Vitaliy told ABC an even more harrowing tale.
He said they spent most of the time in the Mriya camp near Evpatoria in Crimea where not only was it cold there and no normal food, but the kids were forced to work, were beaten and were “re-educated.”
“We had special classes where we were told by the teachers that Russia is great and will win the war soon and Ukrainians are terrorists”, Vitaliy recalled. “When one of the seniors in the camp saw a small Ukrainian flag near my bed he tore it down and burnt it. And when I argued with him, he put me and my friend Tanya in a closed room for four days. It was like a prison.”
His friend was held there longer and later showed Vitaliy his bruises, saying he was beaten and even threatened to be taken to the Russian army for punishment.
“It was all so scary. We wanted to escape but were arrested by the police in the city,” he said.
After Vitaliy returned to Ukraine he told the Ukrainian investigators about everything that happened. The man in the camp who abused the kids was identified by Vitaliy and later by journalists as a former Ukrainian policeman who was suspected of killing protesters in Kyiv during the Revolution of Dignity in 2014 and had escaped to Russia.
Kids like Vitaliy and Artem have been reunited with their parents thanks to the Ukrainian authorities and Save Ukraine, a nongovernmental organization run by former Ukrainian children’s ombudsman Mykola Kuleba.
“We created a unique model of the organization that allows us to return deported kids, and we have done it 5 times already,” he told ABC. “But we are never 100% sure we will succeed because although we are already experienced, you can never know what might happen to the moms in Russia when they go to take their kids. They spent hours at the FSB office on the border and it’s always like a Russian roulette. But eventually we bring the witnesses of a war crime.”
The alleged beating or mistreating of the children can be part of the case of the ICC too, Johann Soufi told ABC.
“Deportation or forcible transfer is a specific crime: It consists in the expulsion or other forms of coercion from the area in which they are lawfully present. So, the abuse could constitute evidence of this coercion — this will contradict Russia’s claims that the children were sent to Russia with the consent of the kids, their caregivers or local authorities,” he said.

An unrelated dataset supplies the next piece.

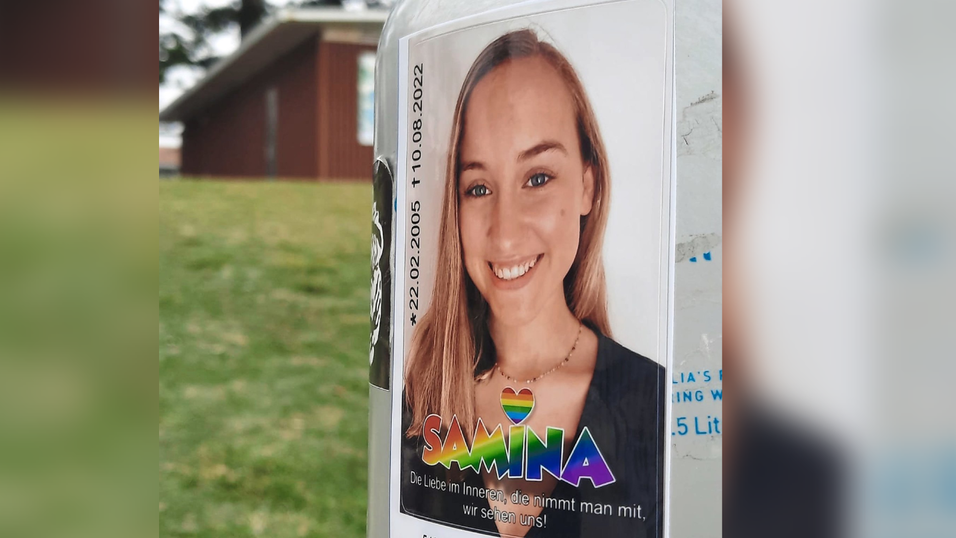 Ganz oben auf Saminas Wuschliste stand eine Reise nach Australien. Ein Freund der Familie Griesbeck hat einen Sticker im Surfer-Paradies Byron Bay an der Ostk&uuml;ste aufgeklebt.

It’s the first time the ICC opened the case for the mass deportation of children, Soufi, the Ukrainian prosecutor, said.
“Until now, the prosecutor has been very careful in charging this as a war crime only, and not as a crime against humanity for example,” he said.
To facilitate the process of returning children, Ukraine intends to form an international coalition. According to Vice Prime Minister Iryna Vereshchuk, a pool of international leaders is being formed, already supported by European Commission President Ursula von der Leyen and Polish Prime Minister Mateusz Morawiecki.